# VPN connection to Cisco firewall

## Supermule

Hi,

In the past, I connected to various sites via Ciscos VPN software for Windows. I think the software connected to a Cisco 501, but Im not sure about this...Anyways, the windows software fired up a 128bit VPN and let me access the serveres on the other side...

Can I do this from Gentoo? I'd prefer something graphical...I need to connect and typically remote control W2000 servers thru rdesktop.

I have seached portage but havent found what I need yet...anyone?

regards,

Supermule

----------

## caffiend

well if it's just using IPSEC then try FreeSwan....

----------

## Plaz

It may depend on what model of firewall is running at the remote site, but Cisco supports a Linux client for at least their most popular model(s).  You should be able to get one from them if you got your Windows client that way.  There's no ebuild that I'm aware of.

I've found a few places that you can download Cisco VPN client software.  I'm not sure if they're legit or if they're supposed to be access controlled, but if you do some Google 'cisco linux vpn client' searches and dig a little, you can find them.

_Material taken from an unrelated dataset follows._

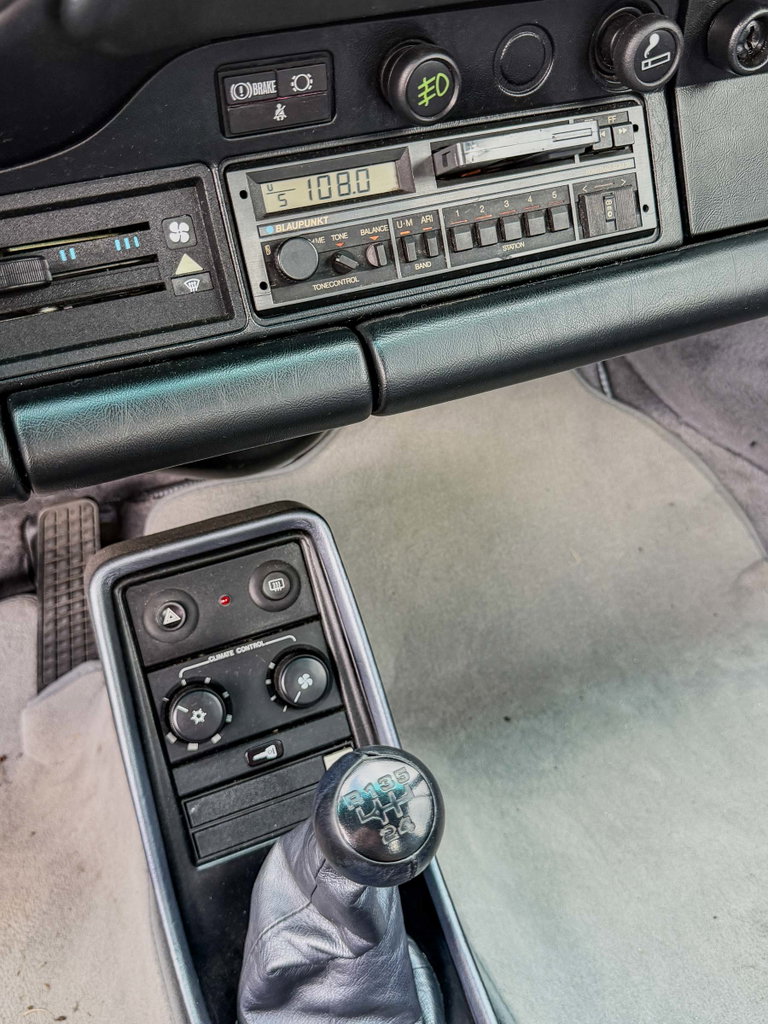 Porsche 911 Carrera 3.2 (US)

Here's a link that looks promising:

http://vpn.mednet.ucla.edu/downloads.htm

A few months ago, I was able to download one from a .edu in Oklahoma somewhere.  It wasn't difficult to configure, but it isn't graphical.  It simply makes your system seem like it's behind the firewall so you can reach the other systems via the network.  You would still need a Linux rdesktop client to control the W2k servers.

----------

## bretts5964

Okay, I've given up on deciphering the FreeSWAN configuration, and gone with the Cisco VPN for Linux.  It's working for me.  Here's how I did it...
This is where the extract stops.